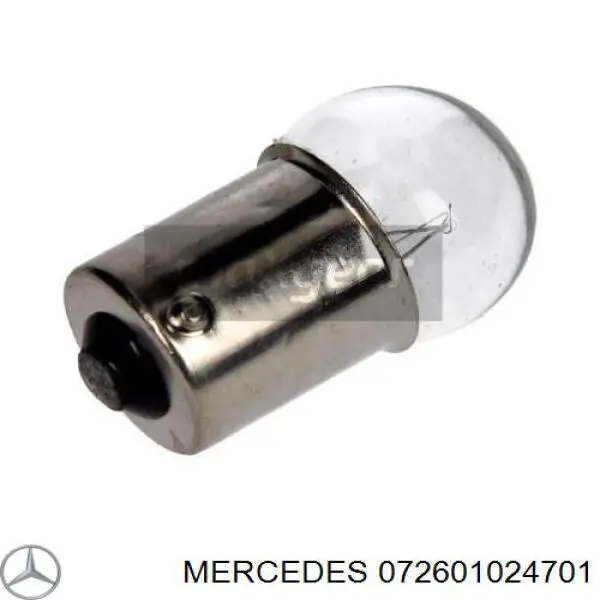 072601024701 Mercedes лампочка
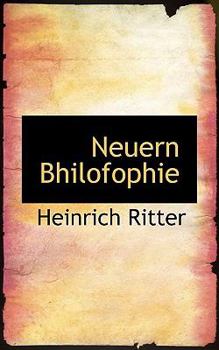 Paperback Neuern Bhilofophie [German] Book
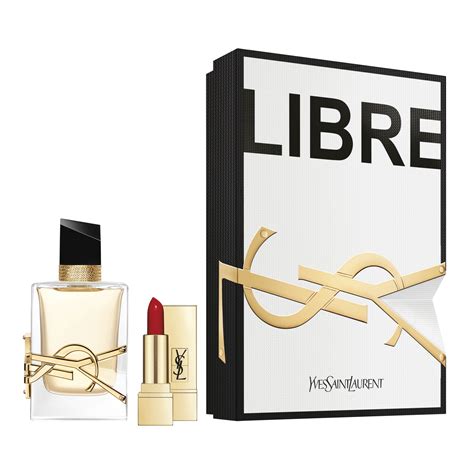 parfum eau libre yves saint laurent|libre yves saint laurent coffret.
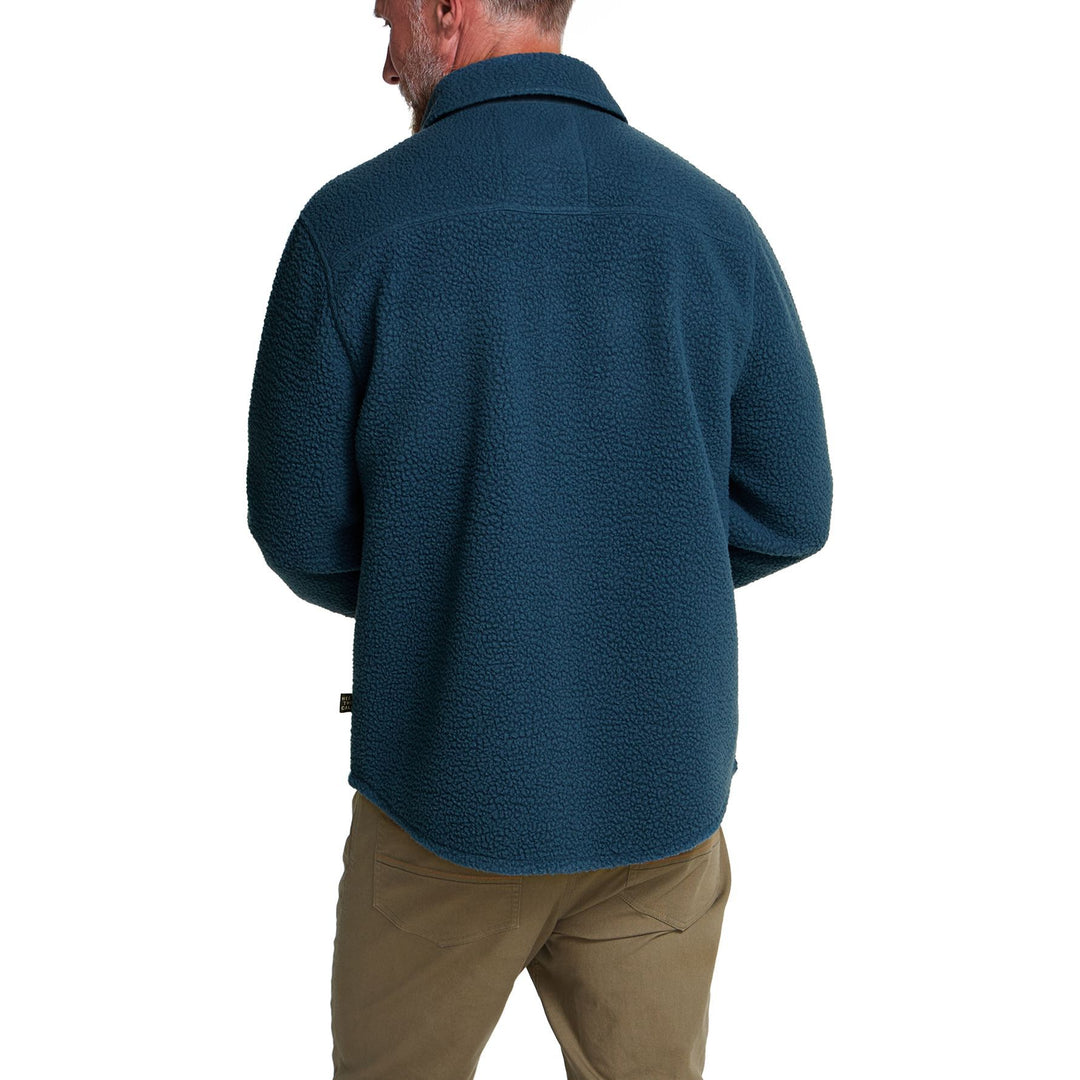 Howler Brothers Allegheny Fleece Overshirt Stargazer Image 03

===

• PROMPT: Start at the first line and set down all of the data exactly, passing over the pictures.

• YOUR RESPONSE:
 072601024701 Mercedes лампочка
 Paperback Neuern Bhilofophie [German] Book
 parfum eau libre yves saint laurent|libre yves saint laurent coffret.
 Howler Brothers Allegheny Fleece Overshirt Stargazer Image 03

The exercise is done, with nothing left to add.